The final shear constant is the bulk modulus. You can calculate by varying the lattice constant. If you do this, you are advised to use token STRUC_DALAT, rather than change ALAT ².

rm -f out save.al rst.al
foreach x ( -.4 -.3 -0.2 -0.1 0 0.1 0.2 0.3 .4 )
    rm -f mixm.al wkp.al
    lmf al -vda=$x -vnk=72 --rs=0 --pr20,20 -vbigbas=1 >> out
end

$ cat save.al | ~/lmf/utils/vextract c da ehf | mcx . -e2 x1+7.606 x2 > dat

You should get:

    7.206000   -0.286449
    7.306000   -0.289838
    7.406000   -0.291876
    7.506000   -0.292739
    7.606000   -0.292583
    7.706000   -0.291548
    7.806000   -0.289761
    7.906000   -0.287334
    8.006000   -0.284370

Use pfit to determine the minimum-energy lattice constant. You should find that the minimum is at 7.539 a.u, which is about 1% smaller than the experimental lattice constant at 0K.

$ echo '7.6\nmin' | pfit 6 dat

The experimental bulk modulus B is (c₁₁+2c₁₂)/3 = 0.77 erg/cm³ at room temperature. There is an ambiguity whether to calculate it from the LDA using the experimental lattice constant or the LDA minimum energy one. An expression for B that is valid for fcc at any lattice constant is

B = 4 (147/a) x [ E''(a) - E'(a)/a ]  (10^12 erg/cm^3)

Use pfit to extract the first and second derivatives at the experimental lattice constant, and evaluate B at the experimental lattice constant (7.621 a.u.).

set a = 7.539
set ep = `echo $a | pfit 6 dat  | grep f= | awk '{print $4}'`
set epp = `echo $a | pfit 6 dat  | grep f= | awk '{print $5}'`
dval -a "B($a)=%1,3;3g ep=%1,3;3g epp=%1,3;3g"  "4*147/$a*($epp-$ep*2/$a)" 0+$ep 0+$epp

You should find B = 0.73 erg/cm³ at the experimental lattice constant, and 0.65 erg/cm³ at the LDA lattice constant.

6. Addtional Exercises

1) Try repeating these calculations with the larger basis set (-vbigbas=1)

2) Try repeating these calculations with the PBE functional (XCFUN=0,101,130)

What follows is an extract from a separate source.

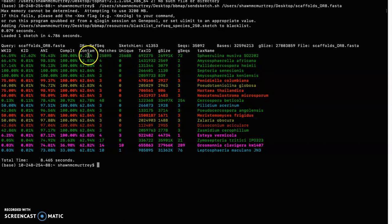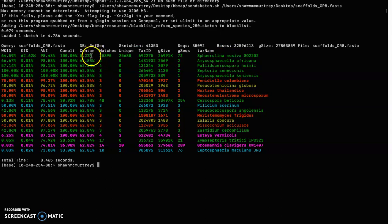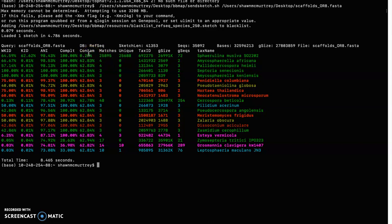Compared to that genome we have 0.22 percent contaminants, so that's pretty good. I would say probably anything less than like three or five percent would be good, so 0.22 percent is really good.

3) Try computing some other properties of the Fermi surface, e.g. its area.

Footnotes and references

¹ N. W. Ashcroft and D. Mermin, Solid State Physics (Brooks/Cole, 1976)

² ctrl.al includes a token DALAT (which evaluates 0 if not specified). The actual lattice constant is ALAT+DALAT. The total lattice constant is separated because because some parameters scale with ALAT but are kept frozen when DALAT varies.